Task to complete:
Make an exact copy, from the records below, of the lines from the line containing "El presidente Pedro" to the line containing "Civic Service Awards", both lines included, excluding pictures.

Extracted records:
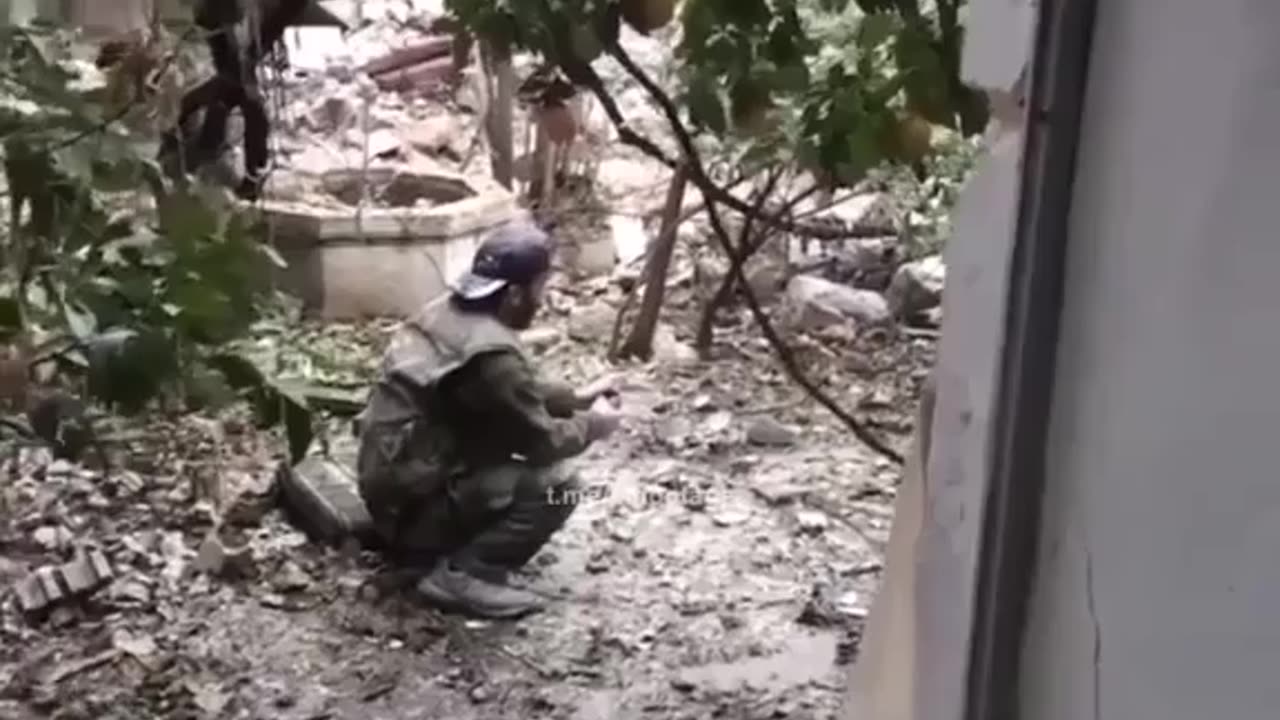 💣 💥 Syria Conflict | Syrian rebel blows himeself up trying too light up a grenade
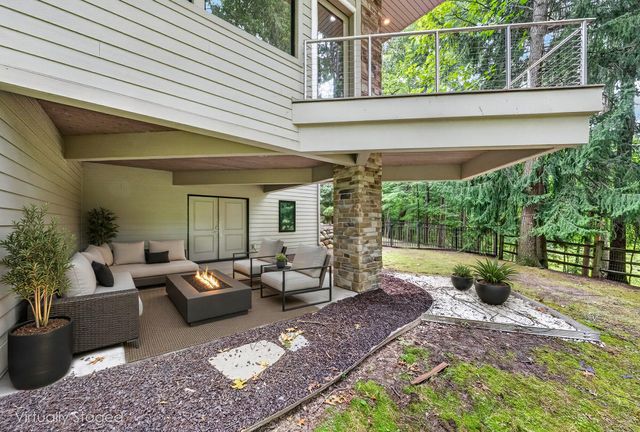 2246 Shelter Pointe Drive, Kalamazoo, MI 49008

---

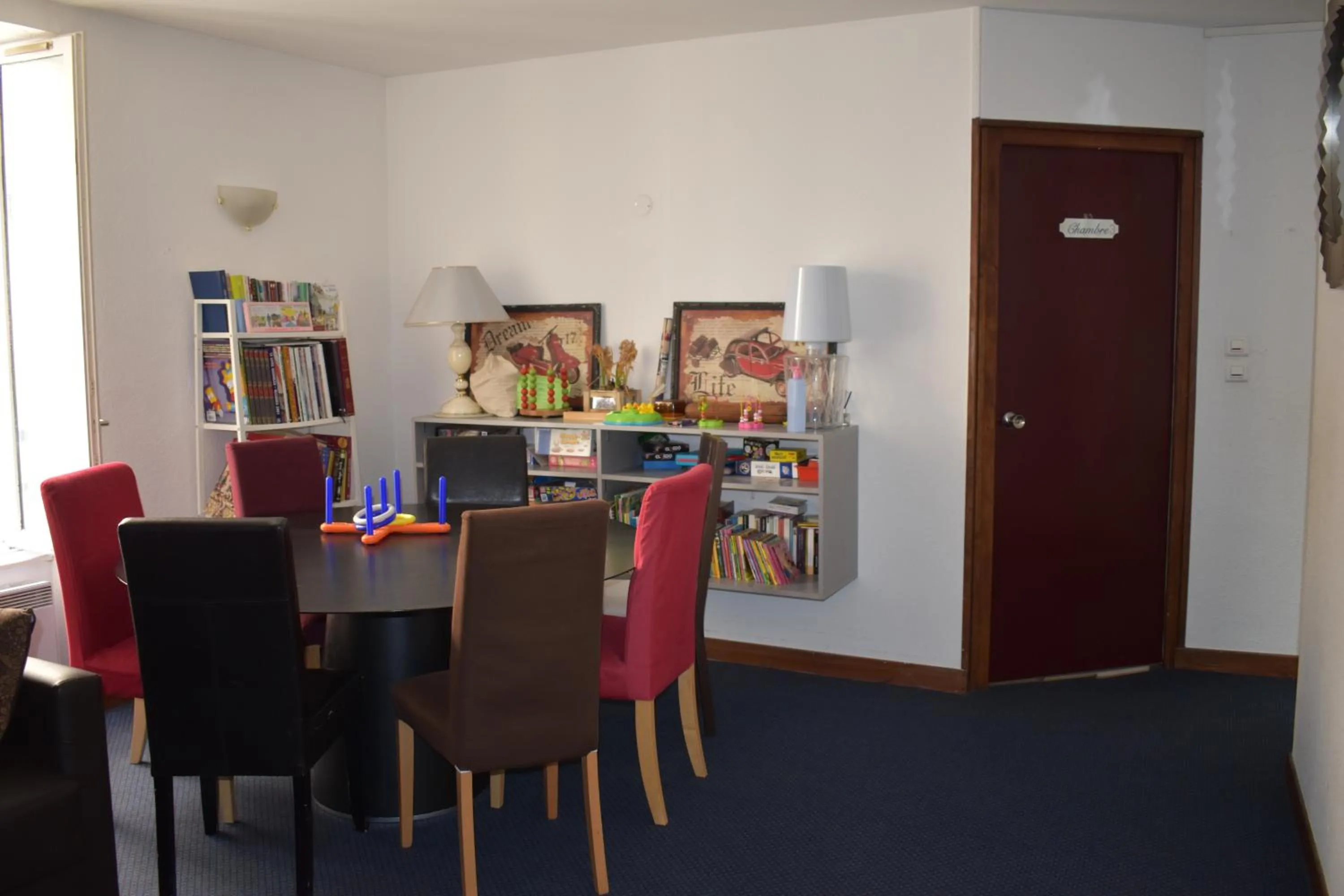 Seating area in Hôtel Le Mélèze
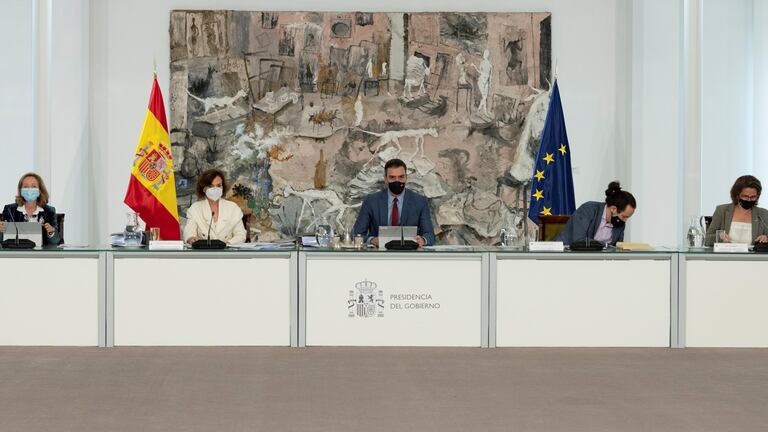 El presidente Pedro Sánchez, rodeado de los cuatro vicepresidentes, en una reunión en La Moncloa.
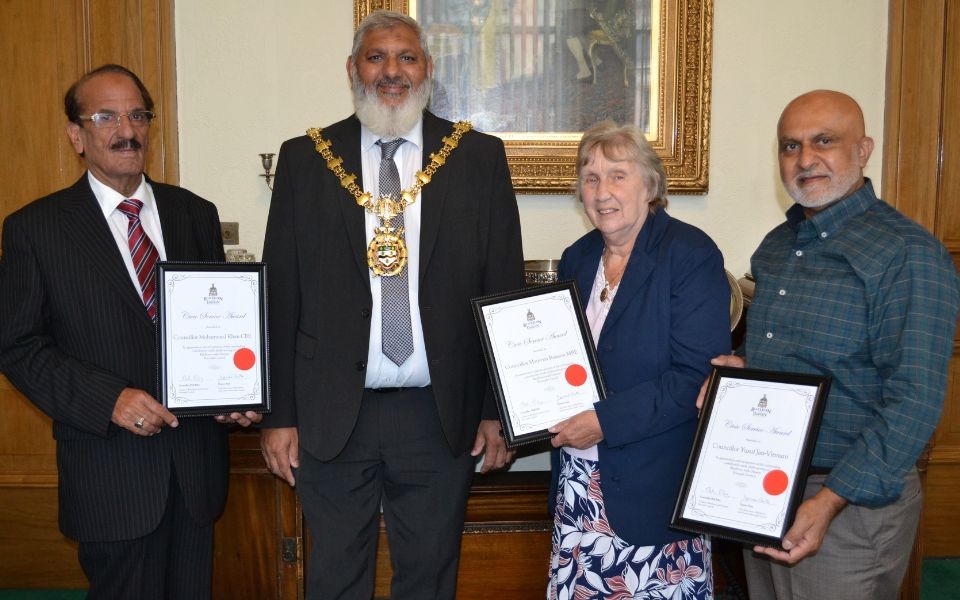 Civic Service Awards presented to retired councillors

Expected output:
 El presidente Pedro Sánchez, rodeado de los cuatro vicepresidentes, en una reunión en La Moncloa.
 Civic Service Awards presented to retired councillors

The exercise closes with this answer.